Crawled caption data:
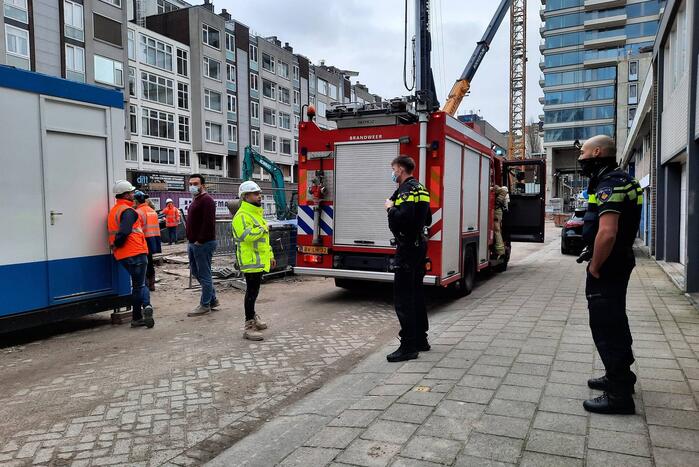 Bouwmachine valt in gat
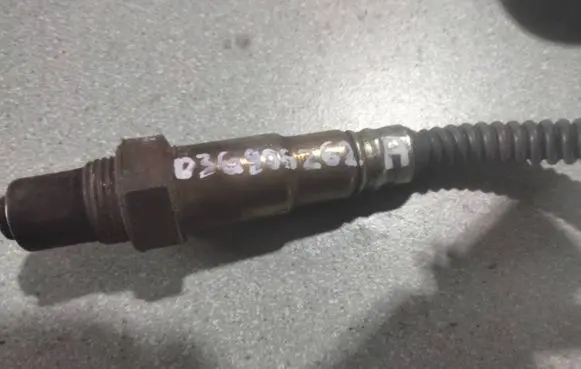 Skoda Octavia Mk2 (1Z) Lambda probe sensor 03G906262A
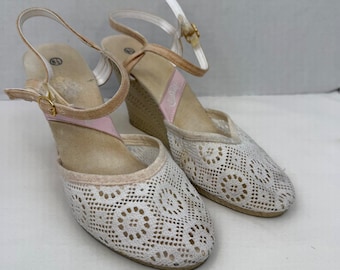 Vintage Coasters White Crochet Lace Espadrille Wedge Sandals Pink Trim 8.5
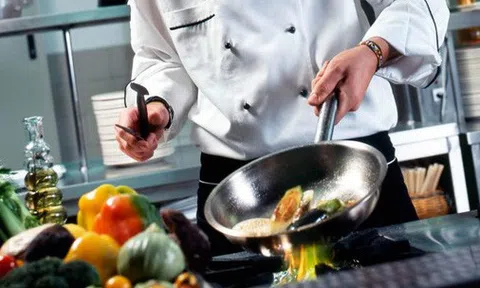 Vợ đòi mua chảo chống dính đắt tiền, tôi bốc điện thoại hỏi ngay đầu bếp chuyên nghiệp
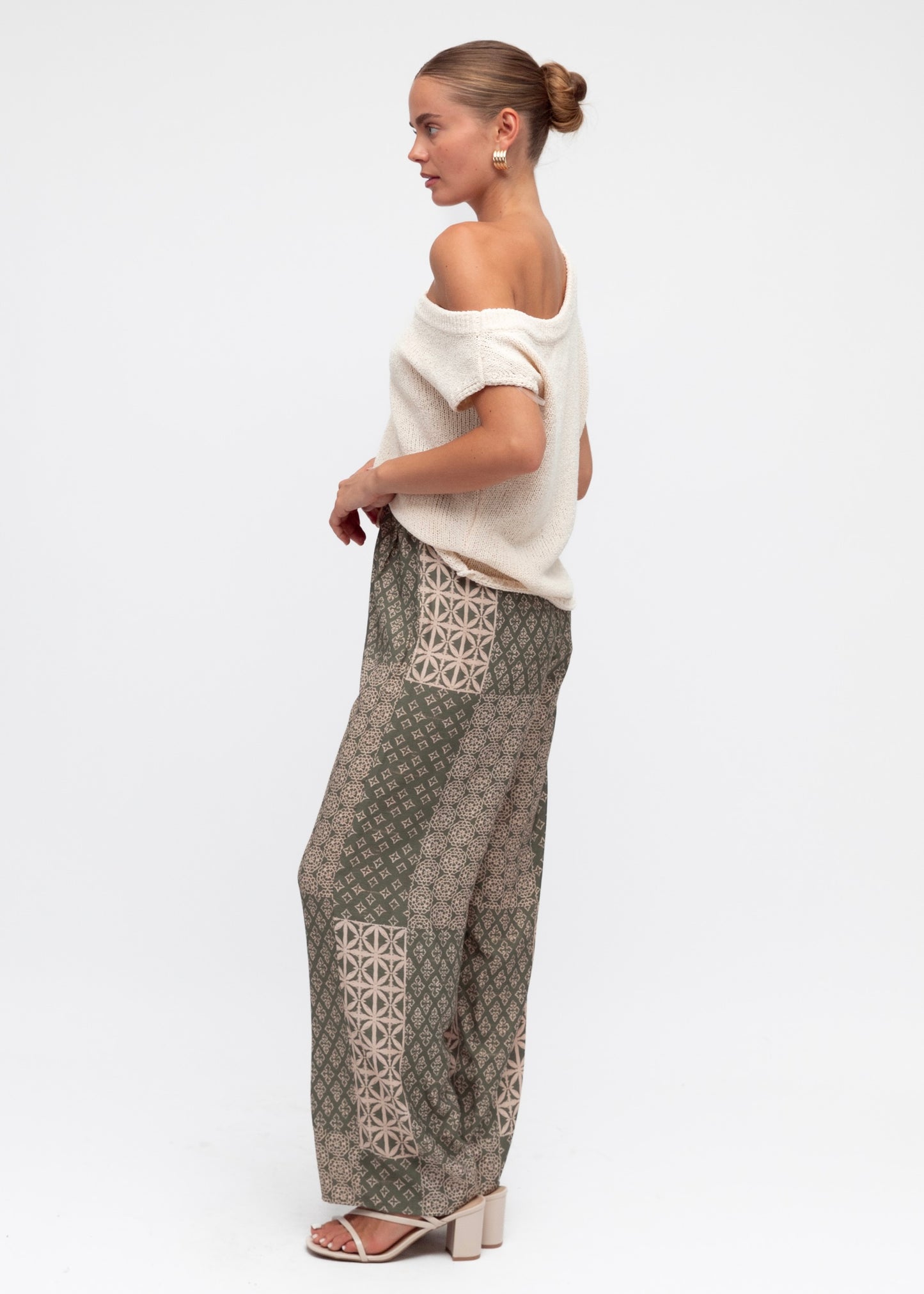 Off Shoulder Knit | Off White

◆ TASK TO COMPLETE
All of the lines above should be copied exactly, apart from the pictures.

◆ YOUR SOLUTION
 Bouwmachine valt in gat
 Skoda Octavia Mk2 (1Z) Lambda probe sensor 03G906262A
 Vintage Coasters White Crochet Lace Espadrille Wedge Sandals Pink Trim 8.5
 Vợ đòi mua chảo chống dính đắt tiền, tôi bốc điện thoại hỏi ngay đầu bếp chuyên nghiệp
 Off Shoulder Knit | Off White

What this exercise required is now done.